Baby-Proofing Is A Waste Of Time
New and soon-to-be moms looking for unsolicited advice take heed- baby-proofing is a complete waste of time and money.
I fully cop to being a nervous mom. I carry a first-aid kit in my bag, I have the number to poison control committed to memory and my family always wears sunscreen. I am also a sucker for advertising, so when I was pregnant and creating a registry, seeing aisle upon aisle filled with child-proofing products was very reassuring. There were tons of gadgets designed by experts to help me handle the seemingly impossible task of keeping miniature humans alive. I bought them all and thought I could relax, but now that my kids are mobile I’m learning baby-proofing is an exercise in futility.

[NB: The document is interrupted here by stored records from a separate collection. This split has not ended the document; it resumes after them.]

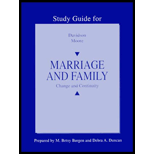 Marriage and Family  Change and Continuity, Study Guide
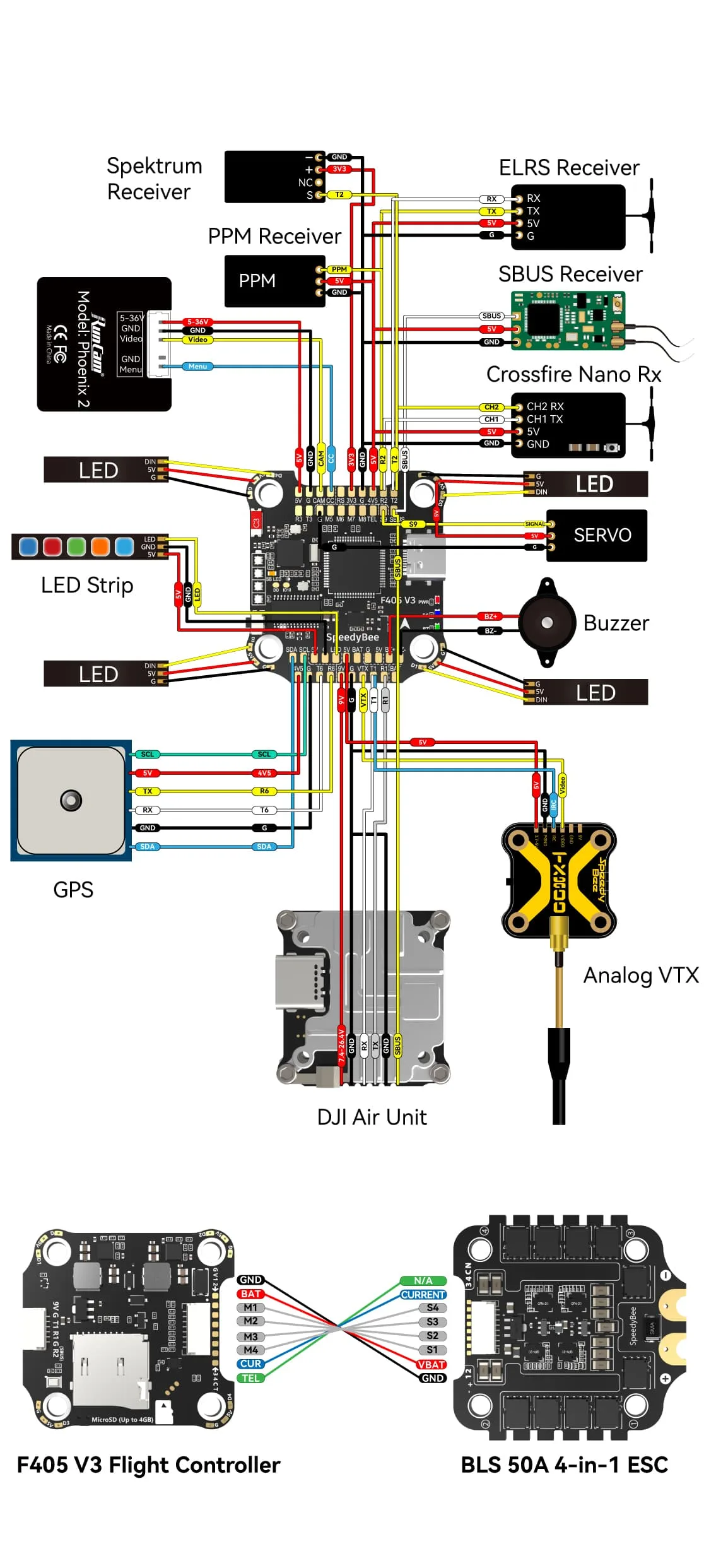 SpeedyBee F405 V3 BLS 50A FC/ESC 07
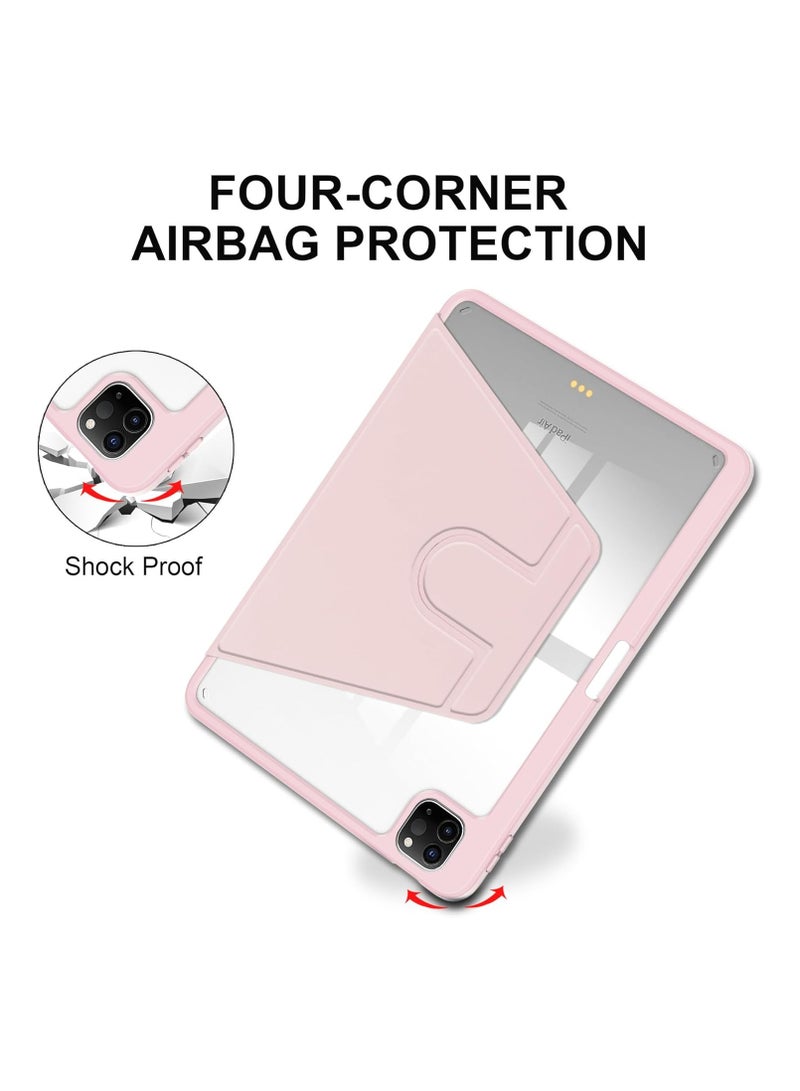 DUSALA Rotating Case for iPad 9th (10.2-Inch, 2021 Model,9th Generation) with Pencil Holder,360 Degree Rotation Protective Stand Slim Cover Clear Back, Auto Wake/Sleep (iPad 10.2) - Image 5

Most baby-proofing products are made of light-weight plastic, easily manipulated by tiny hands. Those outlet covers I painstakingly placed in every room of the house? They are literally child’s play, since it took the boys approximately 2.3 seconds to figure out how how to pull them out of the wall. To add insult to injury, they treated the outlet covers like pacifiers. Not only I had done nothing to fix the whole electrocution risk issue, I had sprinkled choking hazards all over the house.
Baby-proofing solutions are designed to be temporary, which is code for “highly likely to break or fall apart when you still need it.” We have a baby gate in the kitchen that my husband initially installed according to manufacturer’s directions by wedging it against the door jam. That thing didn’t stand a change against two twenty pound toddlers demanding milk.
After weeks of pulling kids out of the refrigerator and a very scary afternoon where the gas stove was turned on accidentally, we decided resale value of the house be damned and drilled the gate into the kitchen wall.
The best luck we’ve had with keeping them out of things has been with unconventional solutions. This means my lamps are tied to other furniture with old exercise tubing and all of the closets and drawers are sealed shut with duct tape, but I am willing to sacrifice being featured in Better Homes & Gardens if it means keeping the kids alive.
I don’t want to be a helicopter parent, but it feels like I can’t turn my back for a second before I hear a loud crash and that specific wail which accompanies a real injury.
The places in the house where I can safety stash them while I go pee is forever shrinking. A giant canvas print hanging high on the wall went from tasteful decor to deathtrap overnight once they learned how to jump up and down on the couch and knock it over. A lock on the glassware cabinet was disabled faster than the cast of Ocean’s Eleven can access a safe. Sometimes they even use the childproofing equipment as tools to aid in their mischief- the open net design on a baby fence acts as the perfect foothold to gain access to the office and its bucket full of Sharpies.
I’ve learned that trying to keep children from getting into dangerous situations in your home is like trying to prevent a Taylor Swift single from topping the charts- no matter how annoying it is or how frustrated it makes you, you can only slow it down, you can’t stop it from happening. In the future I will take the money I save on baby-proofing gear and use it to buy wine for my off-duty hours.